(Required work) Starting at the line that contains "Cement flowerpot silicone" and stopping at the line that contains "Норвегия 1 эре (ore) 1953, реверс", transcribe every line of the material below exactly; pictures stay out.

(Input data)
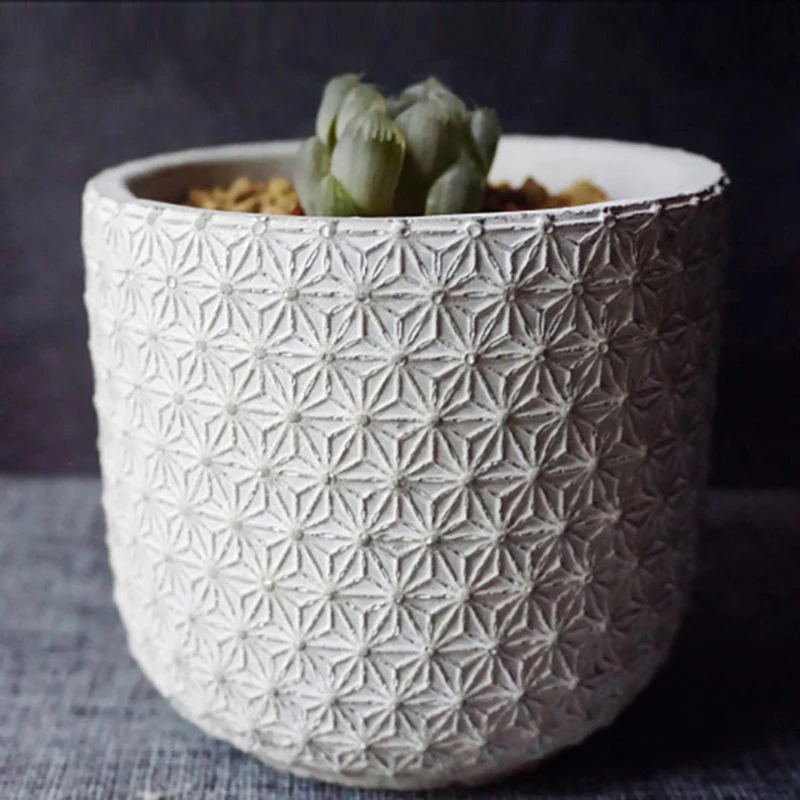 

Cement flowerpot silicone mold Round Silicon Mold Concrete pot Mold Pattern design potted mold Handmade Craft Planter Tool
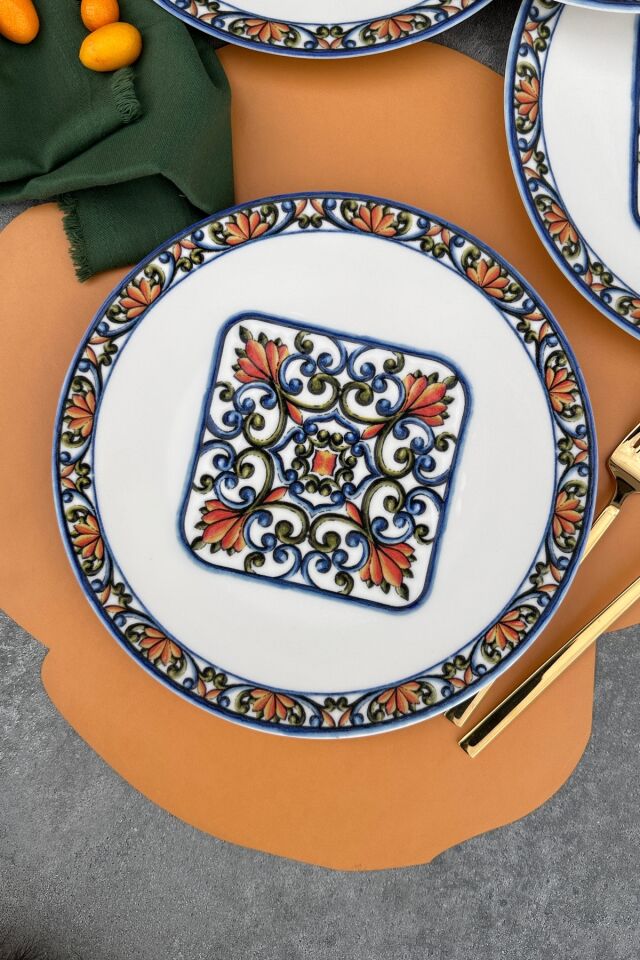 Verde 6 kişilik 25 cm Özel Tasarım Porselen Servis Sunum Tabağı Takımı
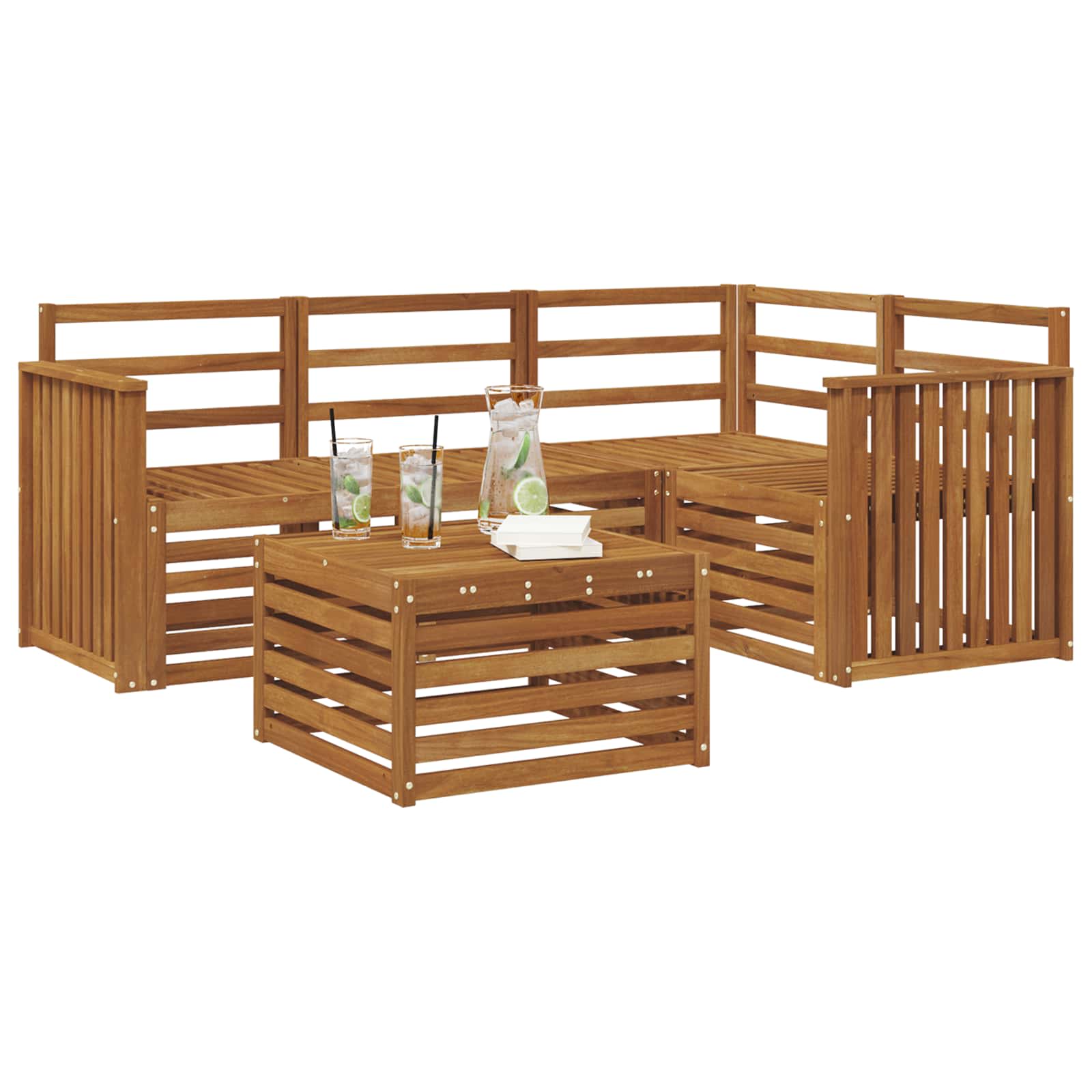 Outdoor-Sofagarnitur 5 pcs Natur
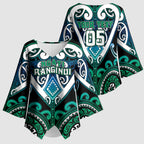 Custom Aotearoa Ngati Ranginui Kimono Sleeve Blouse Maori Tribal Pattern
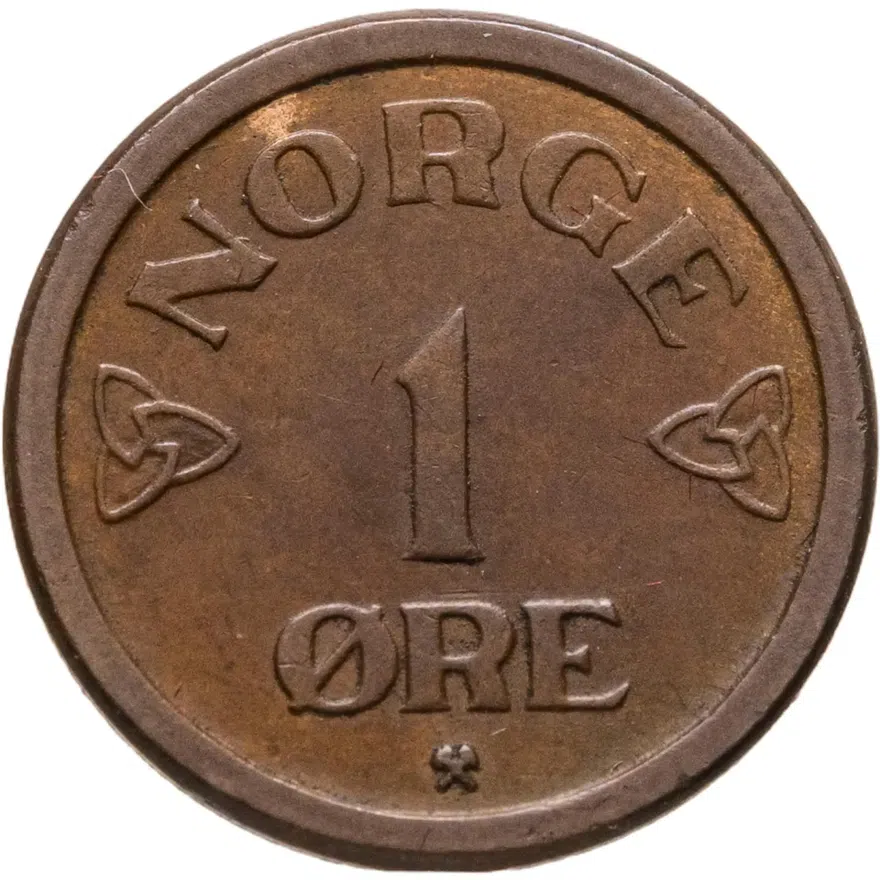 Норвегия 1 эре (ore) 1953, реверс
...
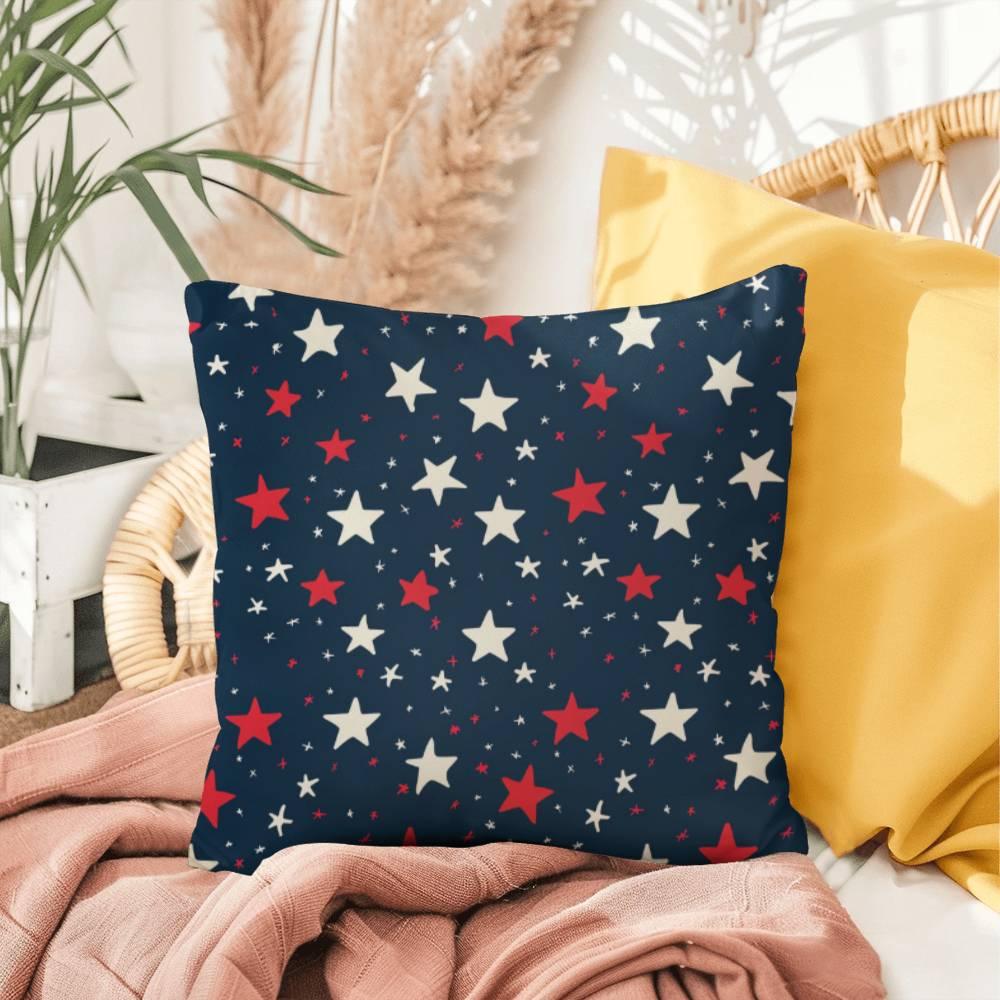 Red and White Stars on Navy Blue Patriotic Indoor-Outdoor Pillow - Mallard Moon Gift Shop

(Task answer)
Cement flowerpot silicone mold Round Silicon Mold Concrete pot Mold Pattern design potted mold Handmade Craft Planter Tool
 Verde 6 kişilik 25 cm Özel Tasarım Porselen Servis Sunum Tabağı Takımı
 Outdoor-Sofagarnitur 5 pcs Natur
 Custom Aotearoa Ngati Ranginui Kimono Sleeve Blouse Maori Tribal Pattern
 Норвегия 1 эре (ore) 1953, реверс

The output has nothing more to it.